When the board met to discuss Garcia’s successor, their goal was to stay the course. Deputy Superintendent Richard Carranza quickly emerged as a logical choice, board members said.
“He’s done a pretty good job,” said board President Norman Yee. “He understands what we’re trying to do and we wanted to continue in the same direction.”
At a closed meeting March 8, board members decided -- without a formal vote -- that they would begin negotiating with Carranza to take over. It was an unorthodox move since large school districts generally launch open searches for new leadership.
The meeting has drawn criticism from the teachers union because it afforded little opportunity for public comment.
The meeting was not posted on the district’s website, although a copy was reportedly posted at district headquarters. That notice, provided Thursday by a district spokeswoman, listed “Public employment … Superintendent of Schools” as a discussion topic.
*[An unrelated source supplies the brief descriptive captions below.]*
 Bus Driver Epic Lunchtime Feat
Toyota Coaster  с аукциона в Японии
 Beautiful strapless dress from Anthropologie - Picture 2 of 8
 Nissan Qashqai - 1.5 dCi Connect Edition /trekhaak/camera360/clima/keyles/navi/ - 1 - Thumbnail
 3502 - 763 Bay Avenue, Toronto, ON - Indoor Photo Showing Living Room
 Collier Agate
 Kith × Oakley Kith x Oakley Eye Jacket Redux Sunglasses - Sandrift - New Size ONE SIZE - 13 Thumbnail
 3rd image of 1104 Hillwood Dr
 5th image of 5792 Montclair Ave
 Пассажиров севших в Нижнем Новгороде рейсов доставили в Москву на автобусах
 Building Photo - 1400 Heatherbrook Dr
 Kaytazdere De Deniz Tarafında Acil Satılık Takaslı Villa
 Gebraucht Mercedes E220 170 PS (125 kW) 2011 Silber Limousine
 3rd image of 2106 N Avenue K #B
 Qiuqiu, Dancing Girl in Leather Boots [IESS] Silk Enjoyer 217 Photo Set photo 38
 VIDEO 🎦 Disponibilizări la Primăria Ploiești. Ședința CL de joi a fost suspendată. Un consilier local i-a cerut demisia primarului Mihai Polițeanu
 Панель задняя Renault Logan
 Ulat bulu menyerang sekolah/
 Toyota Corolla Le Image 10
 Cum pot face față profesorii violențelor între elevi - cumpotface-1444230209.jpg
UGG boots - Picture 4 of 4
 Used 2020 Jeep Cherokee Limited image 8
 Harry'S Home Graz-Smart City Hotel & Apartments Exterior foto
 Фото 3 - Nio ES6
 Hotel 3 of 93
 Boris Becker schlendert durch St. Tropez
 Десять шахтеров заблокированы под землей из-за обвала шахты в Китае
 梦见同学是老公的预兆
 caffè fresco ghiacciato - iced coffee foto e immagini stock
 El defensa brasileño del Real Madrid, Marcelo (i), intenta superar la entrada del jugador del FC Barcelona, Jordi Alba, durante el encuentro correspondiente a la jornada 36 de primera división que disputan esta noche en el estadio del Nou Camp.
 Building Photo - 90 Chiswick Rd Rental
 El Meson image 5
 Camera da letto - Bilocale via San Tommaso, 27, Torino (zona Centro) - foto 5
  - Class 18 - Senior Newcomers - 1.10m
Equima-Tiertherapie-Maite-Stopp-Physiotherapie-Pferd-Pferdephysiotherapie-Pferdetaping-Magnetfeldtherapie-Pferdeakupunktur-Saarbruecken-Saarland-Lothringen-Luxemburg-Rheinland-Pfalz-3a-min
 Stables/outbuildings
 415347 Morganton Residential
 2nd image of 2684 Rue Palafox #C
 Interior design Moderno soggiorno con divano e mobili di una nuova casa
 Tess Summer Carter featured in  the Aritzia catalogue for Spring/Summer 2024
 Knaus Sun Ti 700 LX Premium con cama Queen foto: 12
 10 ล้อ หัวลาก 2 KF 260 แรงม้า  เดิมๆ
School boards are allowed to discuss personnel matters at closed meetings, although votes must be reported publicly.
“We had heard rumors that Carranza was being lined up for the position, but we had assumed there would be an open contest,” said Dennis Kelly, president of United Educators of San Francisco.
Board members countered that a nationwide search would cost the district time and money-- between $50,000 and $100,000, including travel expenses, said longtime board member Jill Wynns.
Dave Long, a former California education secretary who now heads an executive search firm, said a school district of San Francisco’s size could probably expect to spend $35,000 hiring a firm such as his.
Long said the economic recession and school districts’ precarious financial situations have more and more forgoing the expense. He estimated the proportion of large and midsize districts hiring search firms had dropped from as high as 99 percent to about 85 percent over the past few years.
Maufas said she would personally have preferred more input from the community, and she hopes the board will hear public comment as negotiations with Carranza continue over the next few weeks. The board is required to vote on the new superintendent’s contract in an open meeting.